Ralf Dujmovits is up to every Himalayan trick. For the last 25 years Germany’s most successful high altitude climber has been on the way on the highest mountains of the world. For him Mount Everest (the first ascent of the mountain 60 years ago will be celebrated in May) is an old acquaintance. In 1992 Ralf stood on the summit, 8850 meters high, in bad weather conditions. Above the South Col he used supplementary oxygen. It was the only one of the fourteen 8000-meter-peaks Ralf climbed with an oxygen-mask. The mountaineer from Bühl in the south of Germany feels this fact as a flaw that he wants to eliminate. In 2005, 2010 and 2012 Ralf tried to climb Everest without supplementary oxygen, three times he failed. But still he is flirting with another attempt. So it’s not surprising that Ralf talked about climbing „by fair means” – when I asked him for his statements for my Everest-60-pinboards (you can read and hear his words on the right side of the blog). 

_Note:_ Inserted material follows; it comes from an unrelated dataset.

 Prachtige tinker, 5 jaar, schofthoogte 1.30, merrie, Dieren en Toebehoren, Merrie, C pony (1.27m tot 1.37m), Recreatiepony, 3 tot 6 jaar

As far as possible not on the normal route 

„Mount Everest has not changed. It’s the same big pile of stone, but also simply the highest mountain on earth”, Ralf said. „This explains the attractiveness for an incredible number of people and leads to the key issue: The mountain should be climbed by fair means.” That means without high porters, without fixed ropes, without supplementary oxygen and – according to Ralf – „as far as possible not on the normal routes”. Ralf also described a „light” version of climbing by fair means: “People who use supplementary oxygen should do this only above theSouth Coland should afterwards report about it honestly.” Exactly like he did in 1992. 

Not without experience

When he tried Everest last in spring 2012, Ralf was shocked looking at the long queue of climbers on the normal route and about the fact, that many of these tried their luck without having any climbing experience. For the 60th anniversary of the first ascent Ralf wishes Mount Everest, „that less people try to climb this mountain who actually do not belong there – and more who are able to make it on their own”. In 2013 Ralf will not visit Chomolungma. Together with his wife Gerlinde Kaltenbrunner he plans to climb in the mountains of Alaska.